Google Chrome Engineering Manager Addy Osmani has taken to the web to reveal that the search giant plans to finally get serious about data savings and implement native lazy-loading features in Chrome 75. That’s when the company hopes to add support for a new attribute called “loading” and applied to images, iframes, and similar elements for potentially drastically reduced page loading.
The attribute will be usable to prevent those elements from loading until just before a user scrolls down to them, shortening the initial loading time and reducing data downloaded when a longer page is first opened. The loading attribute can be assigned with a ‘lazy’, ‘eager’, or ‘auto’ value.
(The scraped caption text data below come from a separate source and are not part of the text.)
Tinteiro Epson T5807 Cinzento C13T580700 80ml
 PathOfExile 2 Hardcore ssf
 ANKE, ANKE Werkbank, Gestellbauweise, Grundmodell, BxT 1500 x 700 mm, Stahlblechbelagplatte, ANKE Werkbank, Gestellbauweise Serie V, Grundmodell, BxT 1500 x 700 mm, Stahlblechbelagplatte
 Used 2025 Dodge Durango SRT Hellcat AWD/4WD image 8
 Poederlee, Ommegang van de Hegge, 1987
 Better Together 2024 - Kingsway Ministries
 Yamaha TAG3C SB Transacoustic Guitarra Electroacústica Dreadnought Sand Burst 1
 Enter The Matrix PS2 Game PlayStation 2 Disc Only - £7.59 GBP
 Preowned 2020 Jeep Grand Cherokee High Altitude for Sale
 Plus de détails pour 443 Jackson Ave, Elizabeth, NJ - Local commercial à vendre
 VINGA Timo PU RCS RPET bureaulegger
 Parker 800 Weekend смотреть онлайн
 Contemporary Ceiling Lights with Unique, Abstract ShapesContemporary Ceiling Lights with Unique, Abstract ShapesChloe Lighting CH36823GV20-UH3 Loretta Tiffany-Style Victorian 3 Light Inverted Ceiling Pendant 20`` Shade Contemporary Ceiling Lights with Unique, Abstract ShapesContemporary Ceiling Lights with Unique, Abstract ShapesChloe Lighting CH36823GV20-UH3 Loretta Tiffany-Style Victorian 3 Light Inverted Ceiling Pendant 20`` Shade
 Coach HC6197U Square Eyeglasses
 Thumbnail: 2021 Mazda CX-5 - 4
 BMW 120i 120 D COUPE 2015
As their names imply, those attributes will cause lazy-loading to occur on an element in Chrome by default, force an element to load up on the initial page launch for more important larger assets, or will let the browser decide.
A brief history and big benefits to end users
Lazy-loading is not, conceptually, a new feature as individual web developers have been using similar features for over a decade. The feature was also already available in Chrome’s Canary Channel. As of Chrome 75, this will be the first time that Chrome allows developers to readily define how they work on an individual basis for each element in the Stable Channel.
In essence, developers will be able to ensure their pages load faster by setting elements that can be loaded quickly just before they come into the user’s view to do so. That also has implications for end users since, as highlighted by the Googler’s examples, the data savings can be enormous.
The most prominent of those examples center around a snapshot of a photo-intensive page that loads approximately 10MB — 10000KB — of image data when first launched. That not only slows Chrome down since all of the images need to be loaded up but burns through the data used by the site’s visitors. With lazy loading enabled, the initial load size drops to just 250KB.
That’s obviously an extreme example since most websites don’t begin to approach the size in question but it would represent a data savings of roughly 98-percent. That means it would be significantly impactful for users on limited service plans or for those living in areas where internet speeds are comparatively slow.
Can users choose to turn on lazy loading by default?
For now, the browser and web developers will be responsible for lazy-loading attributes on iframes or images so site owners shouldn’t lose out too much in terms of ad revenue. That won’t necessarily be ideal for users since a site could feasibly choose to load up all of a page’s advertisements with an “eager” attribute while leaving the rest of the content to load incrementally.
End user-controlled lazy loading isn’t out of the question either.
Mr. Osmani says that side of the feature under consideration would most likely be implemented with a client-side ‘hint’ that would convey a user’s loading preferences to the web page. He also indicates that’s nowhere near completion just yet. So users probably shouldn’t expect that to arrive in Chrome 75 alongside lazy-loading itself.
For now, users in the consumer-ready Stable version of Chrome or Chrome OS can turn on lazy-loading by access the “chrome://flags” URL and searching for “lazy.” The two experimental flags that need to be enabled are “Enable lazy image loading” and “Enable lazy frame loading.”